Doing extra work could be an issue. Maybe you are copying more data in the parallel version than in the sequential one? That could explain some overhead. Another guess is that in the parallel version, the cache locality has been negatively impacted. Note that the effect of the cache is significant (as a rule of thumb, memory accesses can become a factor of 50-100 times slower when your workload no longer fits in the cache).

How to find your bottleneck? In general, that is called profiling. There are specialized tools, for example, VisualVM is a free tool for Java that can be used as a profiler. Another even simpler, but often very effective first approach is to run your program and take some random thread dumps. If you have an obvious bottleneck, it is likely that you will see it in the stack trace.

The technique is often called poor man's profiler, but I found it very effective (see this answer for more details). In addition, you can also apply it safely in production, so it is a neat trick when you have to optimize code that you cannot run on your local machine.

IDE's (like Eclipse or IntelliJ) have support to take Thread dumps but you can also trigger it directly from the command line if you know the process id:

 kill -3 JAVA_PID

The program (or the JVM that runs it) will then print the current stack trace of all current threads.
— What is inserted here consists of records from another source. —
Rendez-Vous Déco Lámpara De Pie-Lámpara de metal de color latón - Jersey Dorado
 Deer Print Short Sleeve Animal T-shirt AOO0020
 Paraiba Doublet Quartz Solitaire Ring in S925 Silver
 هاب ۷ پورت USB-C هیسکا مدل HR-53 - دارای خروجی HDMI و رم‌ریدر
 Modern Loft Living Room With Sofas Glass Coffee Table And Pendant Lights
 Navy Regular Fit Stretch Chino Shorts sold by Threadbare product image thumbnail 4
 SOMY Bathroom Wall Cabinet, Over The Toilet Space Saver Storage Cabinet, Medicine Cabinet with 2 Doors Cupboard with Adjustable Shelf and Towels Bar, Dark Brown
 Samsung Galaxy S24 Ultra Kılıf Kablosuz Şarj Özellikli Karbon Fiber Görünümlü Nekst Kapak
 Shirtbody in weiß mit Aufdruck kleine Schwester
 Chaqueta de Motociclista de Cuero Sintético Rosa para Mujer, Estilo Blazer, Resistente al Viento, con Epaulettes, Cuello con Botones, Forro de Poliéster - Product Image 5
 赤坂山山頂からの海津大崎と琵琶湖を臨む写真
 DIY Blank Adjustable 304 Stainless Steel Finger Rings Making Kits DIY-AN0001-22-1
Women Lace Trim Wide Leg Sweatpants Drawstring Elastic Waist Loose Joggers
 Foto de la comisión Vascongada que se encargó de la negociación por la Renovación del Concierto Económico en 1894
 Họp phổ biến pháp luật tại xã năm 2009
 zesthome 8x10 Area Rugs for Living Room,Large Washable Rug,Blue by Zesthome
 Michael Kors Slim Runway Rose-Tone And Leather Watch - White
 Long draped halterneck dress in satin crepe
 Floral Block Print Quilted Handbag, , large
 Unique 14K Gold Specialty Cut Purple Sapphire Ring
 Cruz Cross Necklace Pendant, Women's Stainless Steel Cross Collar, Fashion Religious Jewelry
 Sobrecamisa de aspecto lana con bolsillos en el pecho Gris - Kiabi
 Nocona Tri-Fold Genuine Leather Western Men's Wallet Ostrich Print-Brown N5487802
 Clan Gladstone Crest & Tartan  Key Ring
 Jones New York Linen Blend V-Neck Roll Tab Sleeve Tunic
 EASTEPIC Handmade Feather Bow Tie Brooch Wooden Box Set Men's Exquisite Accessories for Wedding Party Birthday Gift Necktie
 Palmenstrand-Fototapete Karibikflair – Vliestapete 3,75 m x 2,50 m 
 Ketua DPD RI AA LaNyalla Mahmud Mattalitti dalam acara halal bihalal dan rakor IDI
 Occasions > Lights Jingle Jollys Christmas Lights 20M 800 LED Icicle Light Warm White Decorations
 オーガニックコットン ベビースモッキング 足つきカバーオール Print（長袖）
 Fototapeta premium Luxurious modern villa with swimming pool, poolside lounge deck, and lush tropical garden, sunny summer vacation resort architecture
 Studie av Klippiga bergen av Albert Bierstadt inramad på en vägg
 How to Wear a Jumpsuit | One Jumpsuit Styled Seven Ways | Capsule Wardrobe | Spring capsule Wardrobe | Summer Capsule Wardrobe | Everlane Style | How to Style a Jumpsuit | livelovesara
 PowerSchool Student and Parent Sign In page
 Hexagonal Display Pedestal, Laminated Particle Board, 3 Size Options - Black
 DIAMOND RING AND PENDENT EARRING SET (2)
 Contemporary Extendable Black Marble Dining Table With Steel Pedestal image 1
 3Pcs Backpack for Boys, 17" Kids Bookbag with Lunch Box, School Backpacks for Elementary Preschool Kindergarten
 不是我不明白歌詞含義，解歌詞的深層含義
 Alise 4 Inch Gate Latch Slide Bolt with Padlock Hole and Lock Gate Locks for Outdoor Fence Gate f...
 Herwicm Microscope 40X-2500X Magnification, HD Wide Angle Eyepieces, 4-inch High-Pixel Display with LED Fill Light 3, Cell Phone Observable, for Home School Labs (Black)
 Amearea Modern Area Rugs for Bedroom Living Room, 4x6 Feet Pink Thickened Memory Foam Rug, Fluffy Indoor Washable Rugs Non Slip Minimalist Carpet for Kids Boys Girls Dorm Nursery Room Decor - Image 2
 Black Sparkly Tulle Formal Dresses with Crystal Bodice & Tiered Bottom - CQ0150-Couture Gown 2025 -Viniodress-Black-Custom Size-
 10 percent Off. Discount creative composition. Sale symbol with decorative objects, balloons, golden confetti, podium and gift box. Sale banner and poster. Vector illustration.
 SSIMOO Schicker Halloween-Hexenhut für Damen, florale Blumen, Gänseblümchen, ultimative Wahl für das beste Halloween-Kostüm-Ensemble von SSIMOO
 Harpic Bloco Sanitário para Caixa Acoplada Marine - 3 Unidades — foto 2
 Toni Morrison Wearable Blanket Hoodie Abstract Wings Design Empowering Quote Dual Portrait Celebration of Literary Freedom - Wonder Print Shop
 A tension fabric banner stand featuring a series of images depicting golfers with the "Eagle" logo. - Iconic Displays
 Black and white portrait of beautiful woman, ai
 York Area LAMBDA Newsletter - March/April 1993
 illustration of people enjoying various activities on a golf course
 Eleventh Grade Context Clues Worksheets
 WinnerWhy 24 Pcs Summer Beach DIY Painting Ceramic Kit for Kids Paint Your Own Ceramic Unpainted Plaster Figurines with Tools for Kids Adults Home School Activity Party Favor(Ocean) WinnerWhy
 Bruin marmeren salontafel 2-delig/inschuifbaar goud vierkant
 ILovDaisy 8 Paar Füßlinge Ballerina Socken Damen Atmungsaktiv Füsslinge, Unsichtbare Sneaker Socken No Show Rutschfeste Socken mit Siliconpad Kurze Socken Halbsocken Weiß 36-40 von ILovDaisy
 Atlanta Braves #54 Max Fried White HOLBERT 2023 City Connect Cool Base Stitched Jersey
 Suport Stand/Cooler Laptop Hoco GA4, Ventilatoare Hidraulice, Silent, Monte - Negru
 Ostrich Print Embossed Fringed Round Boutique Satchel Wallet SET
If you repeat that a couple of times, you should get an idea where your program is spending most of its time.

You can also compare it with your sequential version. Maybe you notice some pattern that explains the overhead of the parallel version.

I hope that helped a bit to get started.

Answer 2

I fixed the issue, and I finally understand why it didn't work.

By doing some debugging using VisualVM I noticed that all threads but one were blocked at all time. My initial workaround was to duplicate the Scene object that was passed to every thread. It solved the issue but it wasn't elegant and it didn't make sense to me. It turns out the real solution is much simpler.

I was using Vector<> as a container for the geometry in my scene class. Vector<> is a synchronized container that doesn't allow multiple threads to access it at the same time. By placing all the objects in the scene in an ArrayList<> instead, I get much cleaner code, less memory usage, and better performance.

VisualVM was critical for finding the blocking, and I thank Philipp Claßen for the advice since I would have never resolved this otherwise.